BCE capital expenditures of $1,031 million in Q3 2020 increased by $22 million, compared to Q3 2019, and capital expenditures as a percentage of revenue (capital intensity ratio) of 17.8% in Q3 2020 also increased by 0.8 pts, compared to 17% last year, driven by higher spending at Bell Wireless and Bell Media moderated by lower spending at Bell Wireline. Conversely, year-to-date capital expenditures of $2,708 million declined $116 million, compared to the same period last year, as the lower spending at Bell Wireline more than offset the greater spending at Bell Wireless and Bell Media. The corresponding capital intensity ratio of 16.1% year to date was stable year over year. Capital expenditures in the quarter and in the first nine months of the year, reflected the following:

 

 

Higher capital spending in our wireless segment of $51 million in Q3 2020 and $56 million year to date, compared to the same periods in 2019, mainly due to continued investments in our 5G and LTE-A networks and capacity expansion to support increased demand due to the COVID-19 pandemic

 

 

Reduced capital spending in our wireline segment of $34 million in Q3 2020 and $177 million year to date, compared to the same periods in 2019, primarily due to the slower pace of spending over the previous year, in part due to fewer new customer service installations attributable to the COVID-19 pandemic. We continued to invest in the expansion of our FTTP network to more homes and businesses and the rollout of our fixed WTTP network to rural locations. Additionally, we invested in capacity expansion driven by increased demand due to the COVID-19 pandemic, along with investments in online fulfillment customer self-serve and automation tools as well as improved app functionality, also driven by the pandemic.

 

 

Greater capital investments in our Bell Media segment of $5 million in the quarter and year to date, compared to the same periods in 2019, mainly due to enhancements to our video platforms in the quarter

 

 

DEBT INSTRUMENTS

2020

In the third quarter of 2020, we issued $65 million of debt, net of repayments. This included the issuance of Series M-53 MTN debentures with a total principal amount of $750 million and the issuance (net of repayments) of $317 million of notes payable, partly offset by the early redemption of Series M-30 MTN debentures with a total principal amount of $750 million, net payments of leases and other debt of $229 million and a decrease in securitized trade receivables of $23 million.

In the first nine months of 2020, we issued $957 million of debt, net of repayments. This included the issuance of Series M-51, Series M-47, Series M-52 and Series M-53 MTN debentures, with total principal amounts of $1,250 million, $1 billion, $1 billion and $750 million in Canadian dollars, respectively, partly offset by the repayment (net of issuances) of $1,117 million of notes payable, the early redemption of Series M-30 and M-24 MTN debentures with total principal amounts of $750 million and $500 million, respectively, net payments of leases and other debt of $653 million and a decrease in securitized trade receivables of $23 million. Additionally, during the first half of 2020, Bell Canada drew $1,450 million in U.S. dollars ($2,035 million in Canadian dollars) under its committed credit facilities. In Q2 2020, Bell Canada repaid all of the U.S. dollar borrowings under such facilities.

2019

In the third quarter of 2019, we repaid $742 million of debt, net of issuances. This included the repayments (net of issuances) of $1,066 million of notes payable and net payments of lease liabilities and other debt of $226 million. These repayments were partly offset by the issuance of Series M-50 MTN debentures with a total principal amount of $550 million in Canadian dollars.

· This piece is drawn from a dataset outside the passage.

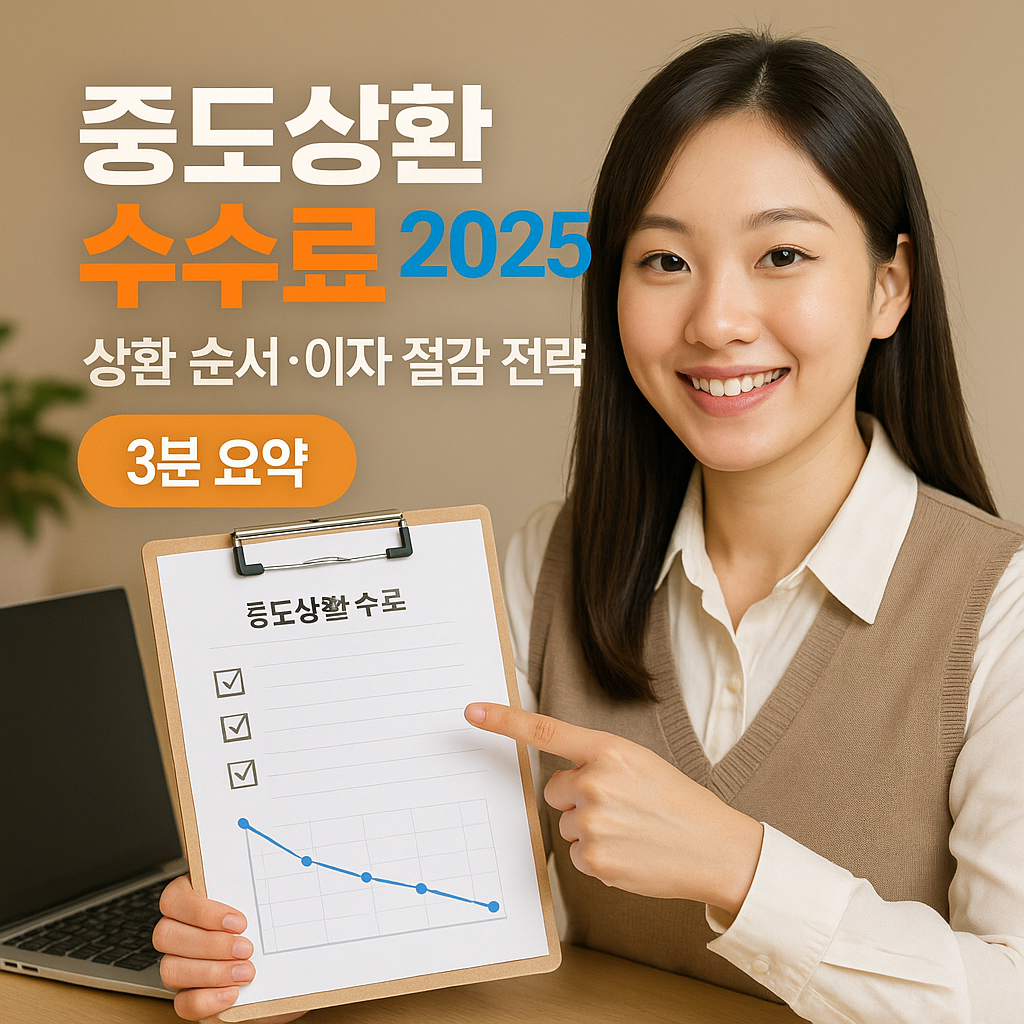중도상환 수수료 2025 기준 &ndash; 상환 순서&middot;이자 절감 전략 체크리스트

In the first nine months of 2019, we repaid $262 million of debt, net of issuances. This included the early redemption of Series M-27 MTN debentures and Series M-37 debentures in the principal amounts of $1 billion and $400 million, respectively, the repayments (net of issuances) of $222 million of notes payable, and net payments of lease liabilities and other debt of $598 million. These repayments were partly offset by the issuances of Series M-49 and Series M-50 MTN debentures with total principal amounts of $600 million and $550 million in Canadian dollars, respectively, and Series US-2 Notes with a total principal amount of $600 million in U.S. dollars ($808 million in Canadian dollars).

 

 

CASH DIVIDENDS PAID ON COMMON SHARES

In the third quarter of 2020, cash dividends paid on common shares increased by $40 million compared to Q3 2019, due to a higher dividend paid in Q3 2020 of $0.8325 per common share compared to $0.7925 per common share in Q3 2019.

In the first nine months of 2020, cash dividends paid on common shares increased by $119 million compared to 2019, due to a higher dividend paid in the first nine months of 2020 of $2.458 per common share compared to $2.34 per common share for the same period last year.

 

 

4.4   Post-employment benefit plans

For the three and nine months ended September 30, 2020, we recorded an increase in our post-employment benefit plans and a gain, before taxes, in OCI from continuing operations of $148 million and $298 million, respectively, due to a higher-than-expected return on plan assets in 2020, partly offset by a lower actual discount rate of 2.7% at September 30, 2020, as compared to 2.8% at June 30, 2020 and 3.1% at December 31, 2019.

For the three months ended September 30, 2019, we recorded an increase in our post-employment benefit plans and a gain, before taxes, in OCI from continuing operations of $419 million due to a higher-than-expected return on plan assets in 2019. The actual discount rate of 3.0% at September 30, 2019 remained unchanged from June 30, 2019.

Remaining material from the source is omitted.